All Sample Modified Files are provided for demonstration purposes.

Below is an example for cmic-js-delete.cmd.

Note There is a dot at the end of EXP_CLASSPATH; the dot needs to be there.

Content Before:

@echo off

setlocal

call d:\cm\ias\j2ee\env1\bin\setCmicInfraEnv.cmd

set ENV_JS_DIR=%CMiC_HOME%\%CMiC_VERSION%\%CMiC_ENV%\jasperserver

cd /d %ENV_JS_DIR%\buildomatic

call %CMiC_HOME%\ias\j2ee\%CMiC_ENV%\jasper\bin\set-js-cmic.cmd

set EXP_CLASSPATH=%CMiC_HOME%\%CMiC_VERSION%\%CMiC_ENV%\jsp\cmic-jasper-repository-tools.jar;%EXP_CLASSPATH%

set THE_TOOL_CLASS=ca.cmic.jasper.repo.commands.DeleteResources

d:\java\jdk1.8.0_181\bin\java.exe -classpath "%EXP_CLASSPATH%" %JAVA_OPTS% %THE_TOOL_CLASS% %0 %*

endlocal

Content After:

@echo off

setlocal

call d:\cm\ias\j2ee\env1\bin\setCmicInfraEnv.cmd

set ENV_JS_DIR=%CMiC_HOME%\%CMiC_VERSION%\%CMiC_ENV%\jasperserver

 

cd /d %ENV_JS_DIR%\buildomatic

call %CMiC_HOME%\ias\j2ee\%CMiC_ENV%\jasper\bin\set-js-cmic.cmd

 

set EXP_CLASSPATH=%CMiC_HOME%\%CMiC_VERSION%\%CMiC_ENV%\jsp\cmic-jasper-repository-tools.jar;%EXP_CLASSPATH%

set EXP_CLASSPATH=%EXP_CLASSPATH%;d:\oracle\18cclient\jlib\oraclepki.jar;d:\oracle\18cclient\jlib\osdt_core.jar;d:\oracle\18cclient\jlib\osdt_cert.jar;.

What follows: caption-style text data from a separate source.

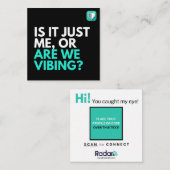 私たちは2.0を見ている スクエア名刺 (正面/裏面)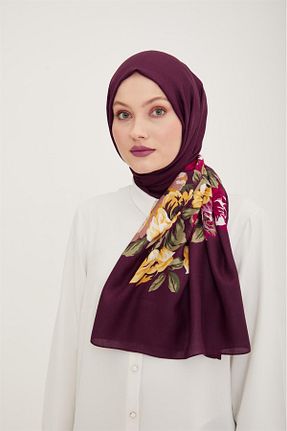 شال بنفش زنانه ویسکون Armine - کد 664986730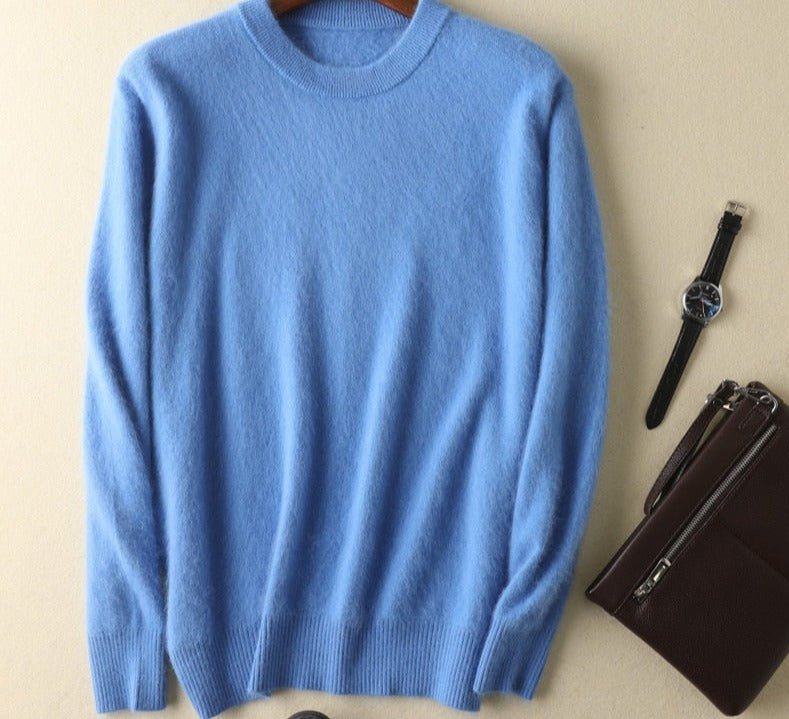 Suéter masculino 100% de caxemira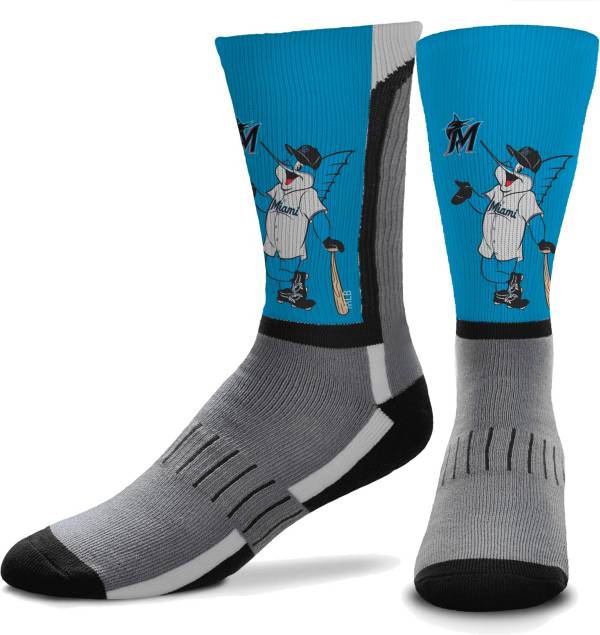 For Bare Feet Miami Marlins Mascot Socks product image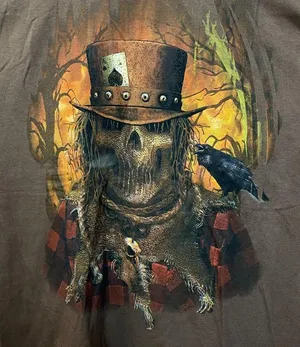 Scarecrow Horror Brown Tshirt size Extra Large  thumbnail 2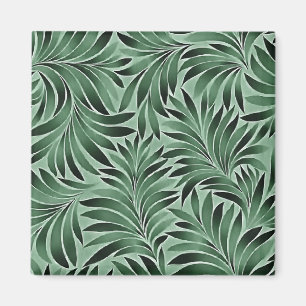 Elegante bladeren in jade en marinegroene tinten magneet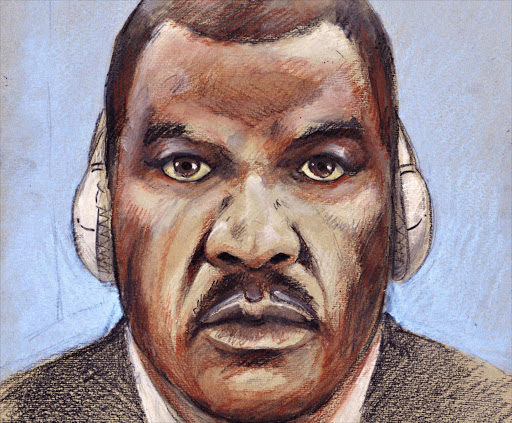 A courtroom sketch of Sadi Bugingo. FIle photo.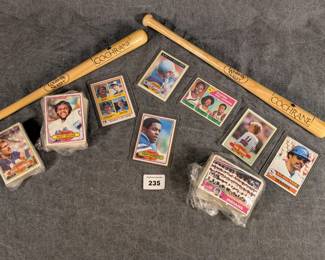 Mini Baseball Bats & 1980s Sports Cards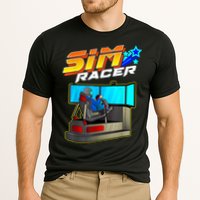 Sim Racer Car Racing And Driving Simulator Motion Rig Cooling Performance Crew T-Shirt
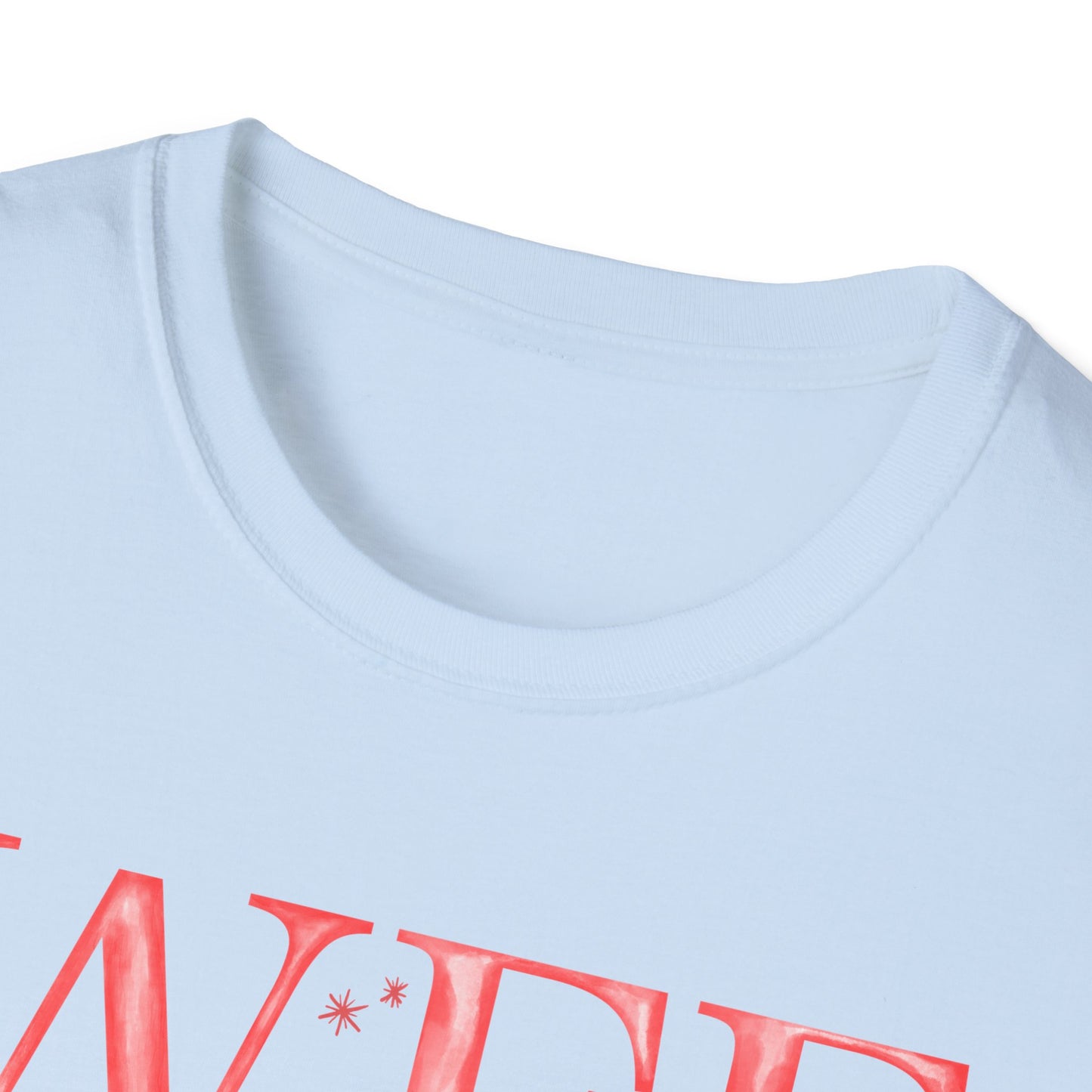 Flag Day Unisex Softstyle T-Shirt with WFE Shines Bright in Stars + Stripes Design- Holiday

set JAVA_OPTS=%JAVA_OPTS% -Doracle.net.tns_admin=d:\oracle\12cclient\network\admin - Doracle.net.wallet_location=d:\cm\ias\wallet

set THE_TOOL_CLASS=ca.cmic.jasper.repo.commands.DeleteResources

d:\java\jdk1.8.0_181\bin\java.exe -classpath "%EXP_CLASSPATH%" %JAVA_OPTS% %THE_TOOL_CLASS% %0 %*

endlocal

Marked red lines are new added lines. The d:\oracle\18cclient is an example for the case of

CLIENT_ROOTDIR=d:\oracle\18cclient.

If the value of CLIENT_ROOTDIR is different, change JAVA_OPTS and EXP_CLASSPATH correspondingly.

IMPORTANT Do the same update for cmic-js-import.cmd, js-import.bat, and js-export.bat as the above example is only for cmic-js-delete.cmd.

Removal of DBDEFINE.SQL from the Backup Folder

One of the steps was that the environment was backed up. In that backup copy, there is a backup of dbdefine.sql that needs to be removed. Delete that file in the backup folder.